Creating a PowerShell script to delete old log files #
Azure Web Jobs supports many languages: Windows cmd & exe, PowerShell, Bash, PHP, Python, NodeJS, and Java.
PowerShell is a really good scripting language to automate many things on both Linux and Windows. You can use the following one-liner PowerShell script to delete files that are older than 30 days.
$LogFolder = "D:\home\site\wwwroot\App_Data\Logs"; $DaysToKeepLogsAround = 30; Get-ChildItem -Path $LogFolder -Recurse -File | Where LastWriteTime -lt (Get-Date).AddDays(-$DaysToKeepLogsAround) | Remove-Item -Force
Creating an Azure Web Job to delete old log files #
Now that you're script is ready, you can create an Azure Web Job under you Azure App Service using the following steps:
1. Navigate to the Web Jobs section under your Azure App Service and click "Add".
2. Fill out the Add WebJob as shown below in the screenshot:
- Name: Give the WebJob a name that doesn't conflict with other web jobs in your app service.
- File Upload: Upload the PowerShell script file
- Type: Use triggered so you can setup a CRON schedule to run the script on an interval basis.

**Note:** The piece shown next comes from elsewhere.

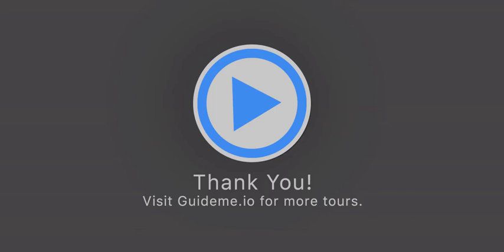Tour How to Add MX Record in GoDaddy DNS ends here. Thank you. Visit GuideMe.io for more tours. You can send your feedback at team at wagmob.com.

- CRON Expression: Enter a valid CRON expression which specifies on what time interval to execute the script.
The CRON expression for Web Jobs is using the open-source project NCrontab. Refer to NCrontab on GitHub to learn how to build the CRON expression.
You can also test out NCrontab expressions online at ncrontab.swimburger.net.
The WebJob in the screenshot uses "0 0 0 * * *" which is the equivalent of running the script every day at midnight.
3. Hit OK and you'll be all set.
To test out the WebJob, you can hit "Run" from the Azure Portal interface.
Warning: Since you're deleting files using a script, it's a good idea to test this out in a safe environment before adding it to your production environment.
That's how you setup an Azure WebJob to delete your old log files using PowerShell, cheers!